++++ Data for this task ++++

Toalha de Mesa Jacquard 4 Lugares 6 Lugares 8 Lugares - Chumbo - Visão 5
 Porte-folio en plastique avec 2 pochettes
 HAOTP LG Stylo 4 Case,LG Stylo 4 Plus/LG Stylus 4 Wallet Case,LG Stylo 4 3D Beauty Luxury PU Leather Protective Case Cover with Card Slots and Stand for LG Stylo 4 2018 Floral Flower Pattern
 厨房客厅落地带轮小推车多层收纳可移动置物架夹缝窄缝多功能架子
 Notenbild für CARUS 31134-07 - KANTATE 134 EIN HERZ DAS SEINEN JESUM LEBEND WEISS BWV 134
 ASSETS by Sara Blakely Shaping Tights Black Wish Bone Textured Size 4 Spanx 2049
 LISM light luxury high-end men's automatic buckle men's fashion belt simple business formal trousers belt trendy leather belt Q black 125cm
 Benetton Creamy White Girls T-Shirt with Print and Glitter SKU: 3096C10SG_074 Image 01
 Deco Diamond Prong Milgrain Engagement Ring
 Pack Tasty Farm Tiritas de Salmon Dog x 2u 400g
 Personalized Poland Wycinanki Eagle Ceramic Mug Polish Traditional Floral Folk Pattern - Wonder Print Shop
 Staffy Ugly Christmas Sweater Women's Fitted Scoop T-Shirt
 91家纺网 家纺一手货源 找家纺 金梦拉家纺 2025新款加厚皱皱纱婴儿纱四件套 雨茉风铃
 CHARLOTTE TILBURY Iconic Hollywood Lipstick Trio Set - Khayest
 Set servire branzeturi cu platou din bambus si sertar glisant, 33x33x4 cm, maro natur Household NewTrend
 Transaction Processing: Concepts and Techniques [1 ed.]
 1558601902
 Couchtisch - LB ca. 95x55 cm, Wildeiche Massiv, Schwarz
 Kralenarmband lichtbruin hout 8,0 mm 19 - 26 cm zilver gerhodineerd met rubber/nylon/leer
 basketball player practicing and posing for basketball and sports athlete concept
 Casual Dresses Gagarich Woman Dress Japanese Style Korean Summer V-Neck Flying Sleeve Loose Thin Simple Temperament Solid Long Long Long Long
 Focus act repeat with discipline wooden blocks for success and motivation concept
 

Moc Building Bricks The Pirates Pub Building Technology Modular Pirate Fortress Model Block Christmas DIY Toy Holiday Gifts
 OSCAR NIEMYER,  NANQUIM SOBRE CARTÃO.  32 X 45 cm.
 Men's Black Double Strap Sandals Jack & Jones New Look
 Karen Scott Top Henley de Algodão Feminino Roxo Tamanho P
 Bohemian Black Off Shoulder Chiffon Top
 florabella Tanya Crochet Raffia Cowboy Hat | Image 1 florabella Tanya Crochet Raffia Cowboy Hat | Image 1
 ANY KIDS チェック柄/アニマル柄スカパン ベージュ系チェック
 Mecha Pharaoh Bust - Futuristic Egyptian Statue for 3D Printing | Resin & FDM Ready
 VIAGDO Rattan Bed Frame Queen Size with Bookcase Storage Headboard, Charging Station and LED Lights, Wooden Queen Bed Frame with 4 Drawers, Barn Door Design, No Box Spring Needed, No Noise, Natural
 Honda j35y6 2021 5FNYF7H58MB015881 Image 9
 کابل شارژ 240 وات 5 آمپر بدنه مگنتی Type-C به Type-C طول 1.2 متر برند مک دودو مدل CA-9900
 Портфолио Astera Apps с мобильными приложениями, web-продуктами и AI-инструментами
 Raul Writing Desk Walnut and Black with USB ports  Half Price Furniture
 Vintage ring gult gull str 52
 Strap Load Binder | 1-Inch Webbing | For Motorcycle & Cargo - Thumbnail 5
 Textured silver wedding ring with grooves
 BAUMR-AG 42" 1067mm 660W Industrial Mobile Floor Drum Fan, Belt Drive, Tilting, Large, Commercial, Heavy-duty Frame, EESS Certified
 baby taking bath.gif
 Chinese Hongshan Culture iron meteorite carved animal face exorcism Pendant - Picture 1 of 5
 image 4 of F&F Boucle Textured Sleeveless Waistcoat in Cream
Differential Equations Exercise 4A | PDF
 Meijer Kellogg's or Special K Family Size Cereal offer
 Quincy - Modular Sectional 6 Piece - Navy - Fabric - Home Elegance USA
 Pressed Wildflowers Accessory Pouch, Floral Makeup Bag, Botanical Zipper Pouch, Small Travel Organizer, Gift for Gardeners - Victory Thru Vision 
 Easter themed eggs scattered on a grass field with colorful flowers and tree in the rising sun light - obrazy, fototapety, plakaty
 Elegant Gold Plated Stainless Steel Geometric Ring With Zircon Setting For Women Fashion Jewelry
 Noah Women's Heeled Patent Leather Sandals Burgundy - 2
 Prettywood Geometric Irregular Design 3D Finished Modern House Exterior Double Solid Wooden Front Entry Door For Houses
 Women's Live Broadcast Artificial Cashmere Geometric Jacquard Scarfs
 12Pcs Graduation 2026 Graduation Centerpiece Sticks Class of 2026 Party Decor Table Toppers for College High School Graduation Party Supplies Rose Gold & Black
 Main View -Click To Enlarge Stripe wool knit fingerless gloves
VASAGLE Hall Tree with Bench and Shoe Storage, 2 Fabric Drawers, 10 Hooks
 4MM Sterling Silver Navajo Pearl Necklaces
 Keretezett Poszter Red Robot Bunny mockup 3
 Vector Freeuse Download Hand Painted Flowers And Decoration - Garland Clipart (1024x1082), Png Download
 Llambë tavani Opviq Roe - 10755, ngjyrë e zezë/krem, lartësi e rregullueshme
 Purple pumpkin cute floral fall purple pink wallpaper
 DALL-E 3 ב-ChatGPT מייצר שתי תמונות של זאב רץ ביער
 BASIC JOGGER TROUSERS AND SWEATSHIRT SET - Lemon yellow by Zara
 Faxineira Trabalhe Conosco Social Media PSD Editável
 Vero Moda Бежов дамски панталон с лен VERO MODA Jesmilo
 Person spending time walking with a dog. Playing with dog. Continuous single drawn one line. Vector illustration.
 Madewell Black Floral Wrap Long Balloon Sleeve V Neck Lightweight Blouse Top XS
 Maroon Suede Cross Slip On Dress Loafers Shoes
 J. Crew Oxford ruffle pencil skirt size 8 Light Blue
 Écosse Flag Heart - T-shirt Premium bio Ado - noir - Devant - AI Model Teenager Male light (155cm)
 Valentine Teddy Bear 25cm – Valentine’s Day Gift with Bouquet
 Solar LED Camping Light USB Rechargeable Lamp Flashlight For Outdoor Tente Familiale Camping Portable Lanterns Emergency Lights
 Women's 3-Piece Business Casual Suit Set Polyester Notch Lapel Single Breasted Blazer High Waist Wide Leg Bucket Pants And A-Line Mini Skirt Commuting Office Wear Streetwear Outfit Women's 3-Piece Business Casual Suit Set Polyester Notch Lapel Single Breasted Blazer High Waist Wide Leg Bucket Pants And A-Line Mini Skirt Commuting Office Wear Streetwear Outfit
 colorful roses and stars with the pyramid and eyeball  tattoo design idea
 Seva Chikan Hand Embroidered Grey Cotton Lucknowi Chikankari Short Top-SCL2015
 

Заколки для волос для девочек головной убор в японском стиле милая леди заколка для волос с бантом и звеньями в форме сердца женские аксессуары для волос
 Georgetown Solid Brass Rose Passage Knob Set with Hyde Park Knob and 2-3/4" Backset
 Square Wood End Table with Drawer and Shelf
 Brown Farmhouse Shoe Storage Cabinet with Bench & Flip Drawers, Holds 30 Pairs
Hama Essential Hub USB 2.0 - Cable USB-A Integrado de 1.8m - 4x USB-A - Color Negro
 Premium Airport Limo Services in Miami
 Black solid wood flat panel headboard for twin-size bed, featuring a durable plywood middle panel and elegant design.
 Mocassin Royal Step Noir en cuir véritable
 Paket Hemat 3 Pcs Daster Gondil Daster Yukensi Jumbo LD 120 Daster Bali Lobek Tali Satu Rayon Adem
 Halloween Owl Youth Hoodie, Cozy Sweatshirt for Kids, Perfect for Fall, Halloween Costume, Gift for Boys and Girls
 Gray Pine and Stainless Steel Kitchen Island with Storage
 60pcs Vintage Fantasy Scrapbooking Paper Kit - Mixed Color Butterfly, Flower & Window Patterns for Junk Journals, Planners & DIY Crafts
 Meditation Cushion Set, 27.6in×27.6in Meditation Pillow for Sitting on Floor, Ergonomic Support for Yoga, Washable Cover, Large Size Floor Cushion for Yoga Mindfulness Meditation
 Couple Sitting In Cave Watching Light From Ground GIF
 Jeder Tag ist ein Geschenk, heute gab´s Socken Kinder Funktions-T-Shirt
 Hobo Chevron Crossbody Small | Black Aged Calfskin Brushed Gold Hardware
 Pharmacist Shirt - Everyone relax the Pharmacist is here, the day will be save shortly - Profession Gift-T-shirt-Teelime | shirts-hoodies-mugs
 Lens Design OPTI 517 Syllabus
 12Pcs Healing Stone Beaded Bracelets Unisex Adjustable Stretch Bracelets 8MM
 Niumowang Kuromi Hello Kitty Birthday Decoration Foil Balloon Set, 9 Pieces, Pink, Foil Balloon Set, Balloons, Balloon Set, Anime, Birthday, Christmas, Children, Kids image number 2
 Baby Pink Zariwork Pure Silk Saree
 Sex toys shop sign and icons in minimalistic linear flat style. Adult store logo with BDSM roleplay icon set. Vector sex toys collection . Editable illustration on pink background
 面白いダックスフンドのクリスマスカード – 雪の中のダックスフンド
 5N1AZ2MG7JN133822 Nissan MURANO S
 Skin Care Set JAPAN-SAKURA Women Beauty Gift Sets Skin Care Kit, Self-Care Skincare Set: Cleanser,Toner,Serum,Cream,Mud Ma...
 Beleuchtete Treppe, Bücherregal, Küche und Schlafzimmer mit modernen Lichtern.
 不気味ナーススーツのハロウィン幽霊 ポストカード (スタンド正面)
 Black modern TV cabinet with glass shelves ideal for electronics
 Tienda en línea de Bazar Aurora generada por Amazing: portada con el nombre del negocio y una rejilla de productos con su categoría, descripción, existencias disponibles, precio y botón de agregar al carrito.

++++

▶ [What to do]: Give an exact copy of the lines above from the line with "Main View -Click" up to and including the line with "Vector Freeuse Download", and leave everything else out.

▶ [Written solution]:
 Main View -Click To Enlarge Stripe wool knit fingerless gloves
VASAGLE Hall Tree with Bench and Shoe Storage, 2 Fabric Drawers, 10 Hooks
 4MM Sterling Silver Navajo Pearl Necklaces
 Keretezett Poszter Red Robot Bunny mockup 3
 Vector Freeuse Download Hand Painted Flowers And Decoration - Garland Clipart (1024x1082), Png Download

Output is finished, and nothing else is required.